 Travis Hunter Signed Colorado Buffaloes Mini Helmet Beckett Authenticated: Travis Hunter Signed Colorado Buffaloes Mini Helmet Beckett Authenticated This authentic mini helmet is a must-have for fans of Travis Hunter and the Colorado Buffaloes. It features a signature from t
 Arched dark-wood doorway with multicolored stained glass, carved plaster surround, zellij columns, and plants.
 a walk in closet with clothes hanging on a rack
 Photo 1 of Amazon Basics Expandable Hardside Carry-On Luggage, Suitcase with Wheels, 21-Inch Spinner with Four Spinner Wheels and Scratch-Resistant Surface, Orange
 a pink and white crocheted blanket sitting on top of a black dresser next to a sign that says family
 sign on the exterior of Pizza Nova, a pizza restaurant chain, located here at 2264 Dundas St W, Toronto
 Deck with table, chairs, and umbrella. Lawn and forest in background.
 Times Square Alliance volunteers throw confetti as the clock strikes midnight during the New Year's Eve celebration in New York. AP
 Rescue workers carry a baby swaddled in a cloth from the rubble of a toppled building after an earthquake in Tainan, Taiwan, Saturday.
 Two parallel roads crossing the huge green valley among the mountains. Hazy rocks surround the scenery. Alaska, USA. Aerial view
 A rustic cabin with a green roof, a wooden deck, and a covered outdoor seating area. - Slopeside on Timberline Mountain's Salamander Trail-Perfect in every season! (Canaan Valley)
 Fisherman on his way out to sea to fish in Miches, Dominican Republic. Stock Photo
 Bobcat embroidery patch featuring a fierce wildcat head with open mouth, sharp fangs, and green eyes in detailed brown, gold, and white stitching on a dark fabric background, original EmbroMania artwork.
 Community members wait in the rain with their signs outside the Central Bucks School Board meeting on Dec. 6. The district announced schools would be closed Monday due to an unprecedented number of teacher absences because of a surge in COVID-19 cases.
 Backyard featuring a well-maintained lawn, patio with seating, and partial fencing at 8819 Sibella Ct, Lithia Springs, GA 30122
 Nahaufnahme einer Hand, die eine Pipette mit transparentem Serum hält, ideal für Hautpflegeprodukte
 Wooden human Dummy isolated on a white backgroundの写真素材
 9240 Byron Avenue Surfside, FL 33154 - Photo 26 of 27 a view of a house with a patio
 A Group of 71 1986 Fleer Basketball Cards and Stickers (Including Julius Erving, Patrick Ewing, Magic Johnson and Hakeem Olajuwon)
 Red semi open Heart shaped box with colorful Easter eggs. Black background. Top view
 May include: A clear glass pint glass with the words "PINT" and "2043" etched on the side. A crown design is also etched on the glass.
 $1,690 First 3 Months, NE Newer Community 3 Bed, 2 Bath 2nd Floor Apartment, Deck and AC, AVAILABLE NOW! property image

* * * * * * * * *

* [Exercise]: Select all lines with the word "view" from the entries above.

* [Solution to this task]:
 Two parallel roads crossing the huge green valley among the mountains. Hazy rocks surround the scenery. Alaska, USA. Aerial view
 9240 Byron Avenue Surfside, FL 33154 - Photo 26 of 27 a view of a house with a patio
 Red semi open Heart shaped box with colorful Easter eggs. Black background. Top view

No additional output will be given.